At oral argument the plaintiffs sought to minimize the persuasiveness of United Presbyterian and ACLU, which denied standing to plaintiffs who feared the surveillance of their communications, by pointing to “physical surveillance cases” where the Supreme Court reached the merits of challenges to laws or policies authorizing drug or alcohol testing for specific classes of persons, without requiring that the plaintiffs had actually submitted to such testing before bringing such challenges. (Tr. 9 (“The cases I’m thinking of are cases like Earls and Chandler and Skinner.”).) None of those physical search cases identified by the plaintiffs undermines the reasoning of the electronic surveillance cases or otherwise provides any support for the plaintiffs’ standing argument. The physical search cases concerned plaintiffs who were in a defined class of persons subject to a challenged policy of drug or alcohol testing and who faced a genuine threat of being tested pursuant to that policy. In Board of Education of Independent School District Number 92 of Pottawatomie County v. Earls, 536 U.S. 822, 826 & n. 1, 122 S.Ct. 2559, 153 L.Ed.2d 735 (2002), the Supreme Court found that a student plaintiff who participated in competitive extracurricular activities at school had standing to challenge a Board of Education policy requiring all students participating in such activities to consent to drug testing. It was indisputable in Earls that the challenged policy required a student who participated in such extracurricular activities, such as the plaintiff, to take a drug test before participating in the activity, and to submit to random drug testing while participating in the activity at any time based on reasonable suspicion. Earls, 536 U.S. at 826, 122 S.Ct. 2559. Earls therefore has no application to this case, where the plaintiffs are not required to do anything or to submit to anything, and where there is no showing that the Government has authorized any action against the plaintiffs. See also Chandler v. Miller, 520 U.S. 305, 308-09, 117 S.Ct. 1295, 137 L.Ed.2d 513 (1997) (ruling on merits, without discussing standing, where plaintiff candidates for state offices challenged state law requiring candidates for such offices to certify that they had taken a urinalysis drug test with-, in 30 days prior to qualifying for nomination and that the test results were negative).
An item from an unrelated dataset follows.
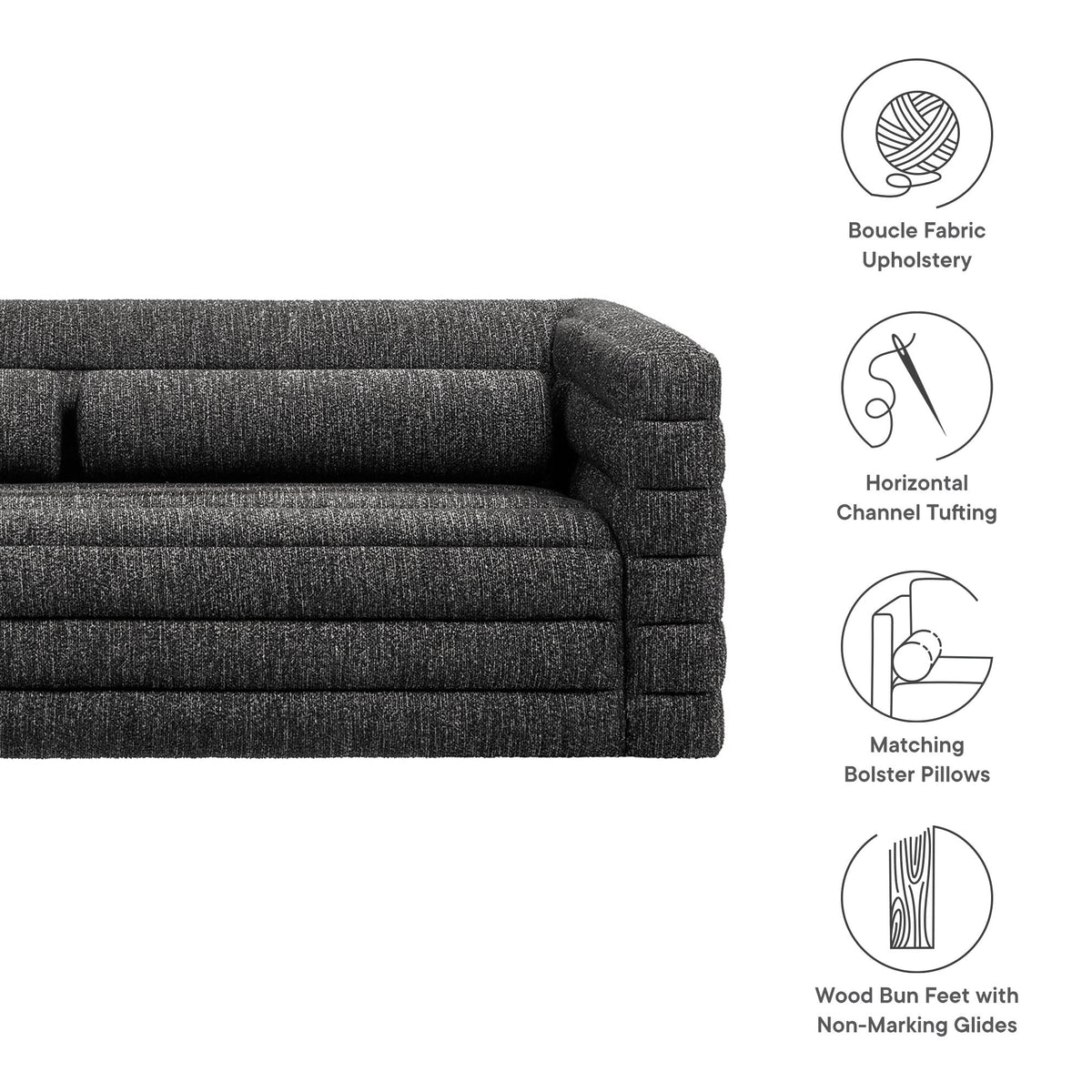 Relle Charcoal Channel Tufted Boucle Upholstered Sofa - Ornate Home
Among the drug or alcohol testing cases, the plaintiffs place particular emphasis on Skinner v. Railway Labor Executives’ Association, 489 U.S. 602, 611, 109 S.Ct. 1402, 103 L.Ed.2d 639 (1989), in which the Supreme Court upheld on the merits regulations authorizing railroads to conduct drug and alcohol testing of railroad employees after certain accidents, in the event of certain rule violations, or where a supervisor had a reasonable suspicion based on personal observation that an employee was under the influence of alcohol. Skinner provides little guidance for the standing analysis in this case because standing was not contested in that case. It was not discussed by the Supreme Court, the issue was not briefed before the Court, and the appellate court decision contained no discussion of standing. See Ry. Labor Executives’ Ass’n v. Burnley, 839 F.2d 575 (9th Cir.1988).
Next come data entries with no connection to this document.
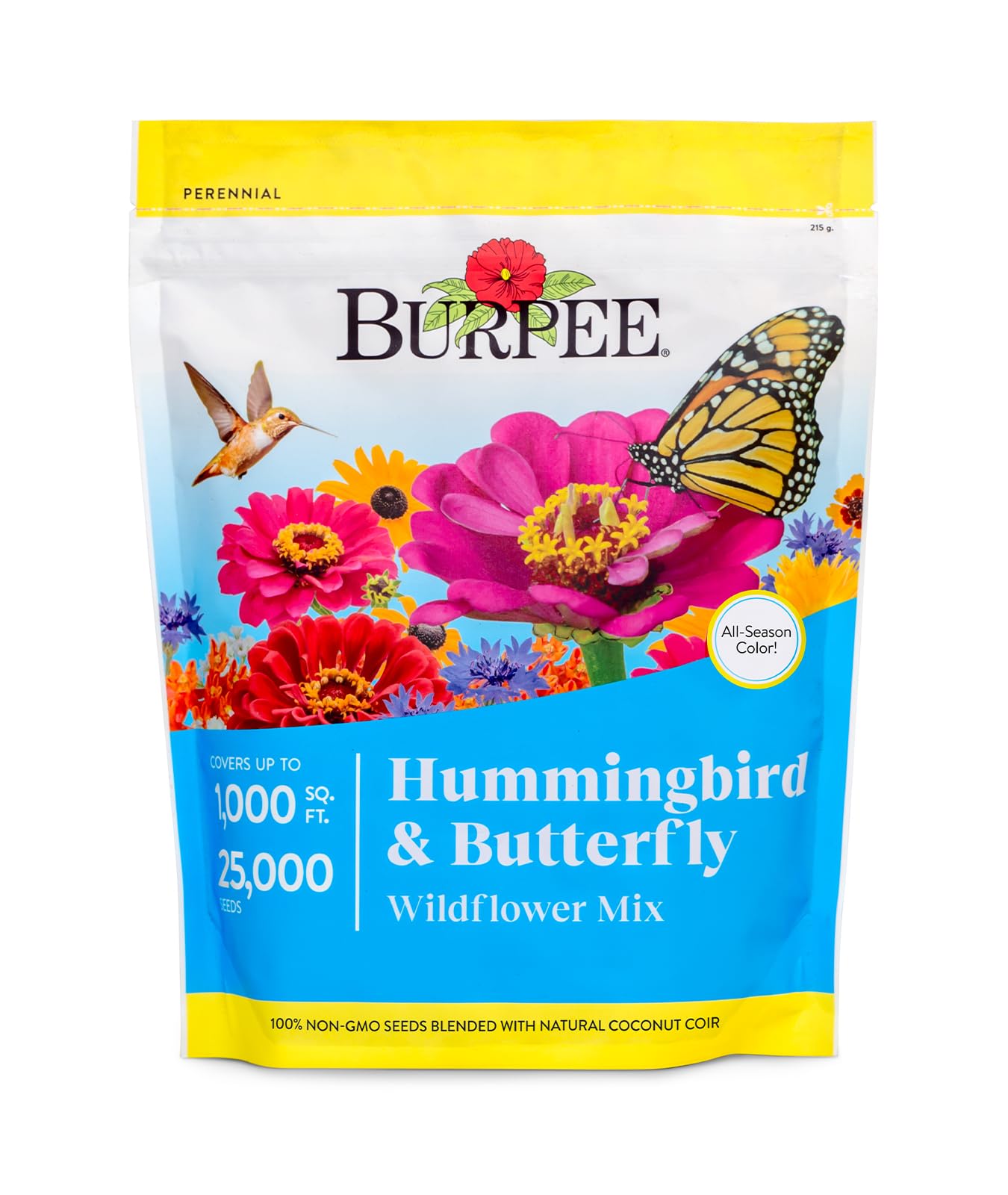 Burpee Wildflower Seed Mix 25,000 non-GMO seeds bag front view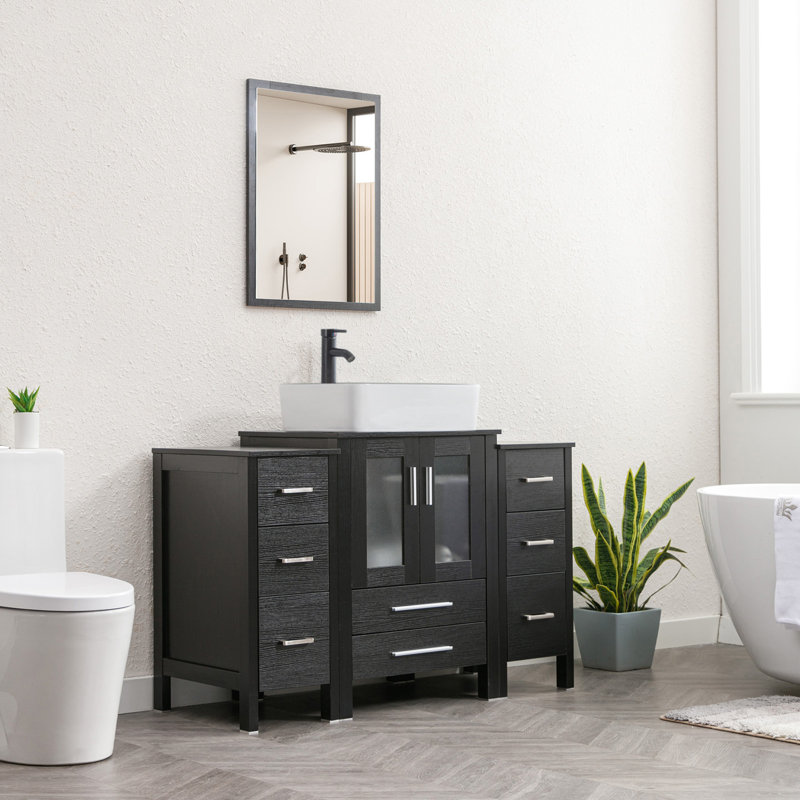 Sharee 48" Single Bathroom Vanity Set With Ceramic Sink, Water Saving Faucet, Pop Up Drain, Black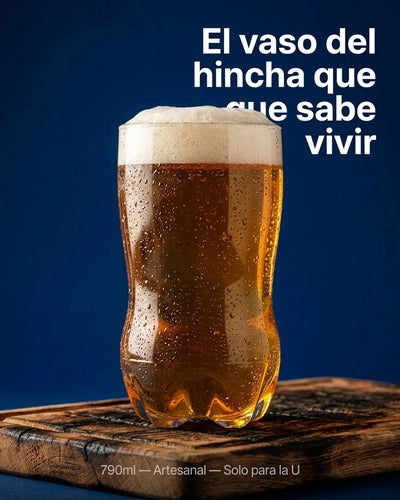 Vaso Premium 790 Ml Botella Cortada U De Chile Blanco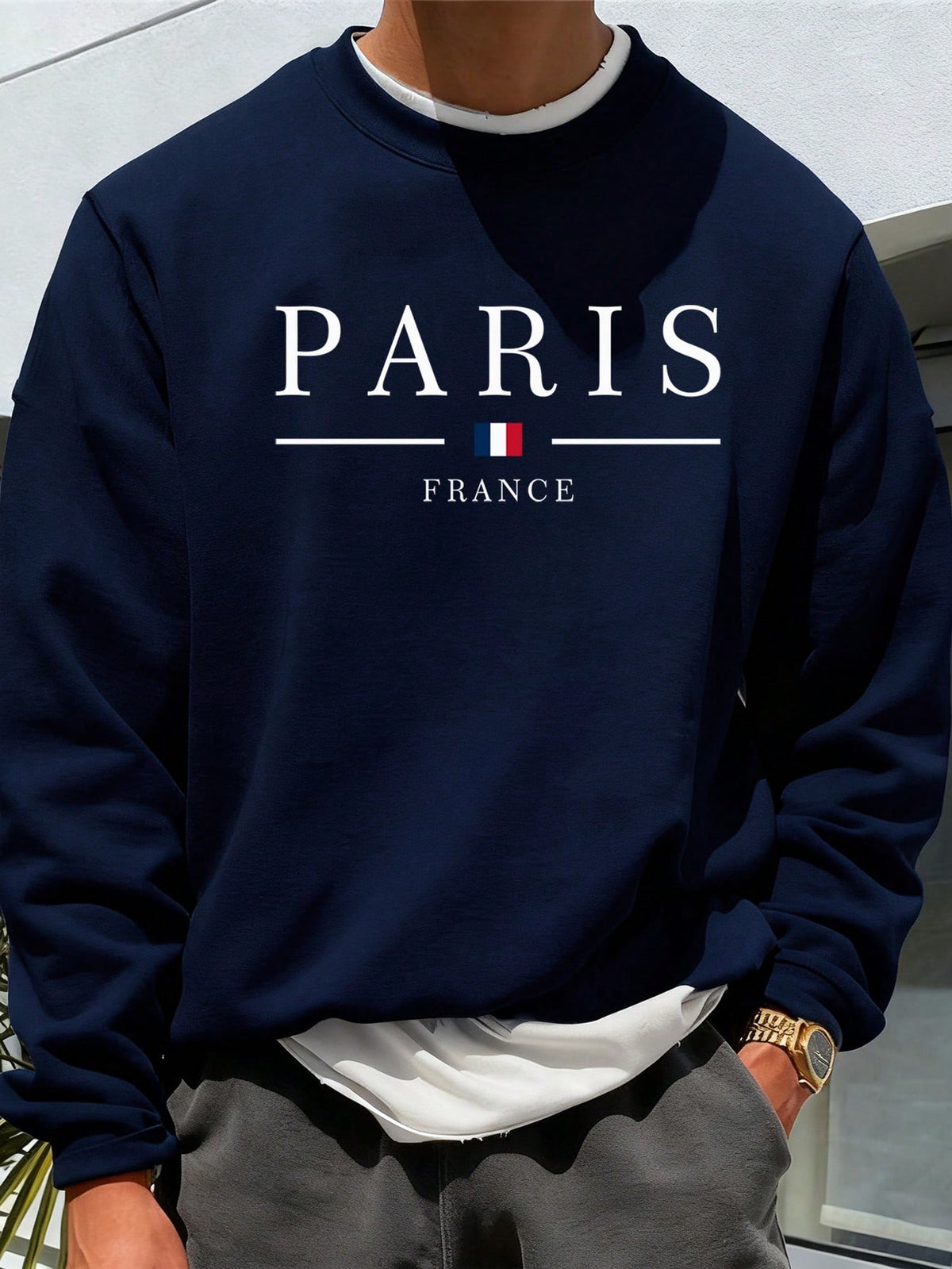 SXV Men's Casual Versatile Printed Crew Neck Sweatshirt Paris Vibe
To the extent that the Supreme Court implicitly determined that there was standing in Skinner as a necessary prerequisite to jurisdiction, nothing about that determination affects the standing analysis in this case. The regulations at issue in Skinner authorized drug or alcohol testing of a defined class of persons represented by the plaintiff labor organizations, namely railroad employees. The plaintiffs were plainly subject to the challenged policy. By contrast, the FAA neither authorizes surveillance nor identifies, on its face, a class of persons to which the plaintiffs belong, and there is no allegation or evidence of an order authorizing Government surveillance that would encompass the plaintiffs’ communications. Thus the relation in which the railroad employees stood to the challenged policy in Skinner is wholly unlike the relation in which the plaintiffs in this case stand to the FAA.

3.

Thus the electronic surveillance cases undermine any claim of standing in this case, and the drug or alcohol testing cases on which the plaintiffs rely do not support the plaintiffs’ claims of standing to challenge the FAA based on their fear of surveillance. However, the plaintiffs urge the Court to look beyond surveillance cases. (See Tr. 11 (“Surveillance is just like any other context .... [Ijt’s a completely artificial distinction between surveillance eases [and] other contexts.”).) The plaintiffs claim that their position is supported by cases outside the surveillance context considering the issue of standing to make a pre-enforcement challenge to a statute or regulation. They argue that under those cases they have shown an “actual and well-founded fear of enforcement” of the FAA against them that is sufficient for standing in this case.

The plaintiffs’ reliance on non-surveillance cases considering pre-enforcement challenges to statutes or regulations is unavailing. The standing analysis displayed in those cases is fully consistent with the rejection of standing in the electronic surveillance cases. Indeed, the application of the reasoning employed by the non-surveillance cases to this case reinforces the plaintiffs’ lack of standing to challenge the FAA. The non-surveillance cases cited by the plaintiffs stand for the proposition that a plaintiff may challenge a specific law or regulation before it is enforced against the plaintiff if the plaintiff is subject to that law or regulation and has a well-founded fear that it will be so enforced. The plaintiffs in this case have made no showing that they are subject to any specific law or regulation that they seek to challenge. The FAA does not require that the plaintiffs do anything or refrain from doing anything such that they might have a well-founded fear that the Government would take action against them for failing to abide by the statute. Moreover, the FAA does not authorize surveillance of the plaintiffs’ communications and the plaintiffs have made no showing that the Government has sought any such surveillance pursuant to the general framework set forth in the statute or that such surveillance has been authorized. It is unnecessary to seek to define the outer limits of what it would take for the plaintiffs to be subject to the FAA such that they would have standing to challenge its constitutionality. The plaintiffs’ failure to show that they are subject to the FAA in any concrete way is sufficient to conclude that the plaintiffs lack standing to challenge the FAA.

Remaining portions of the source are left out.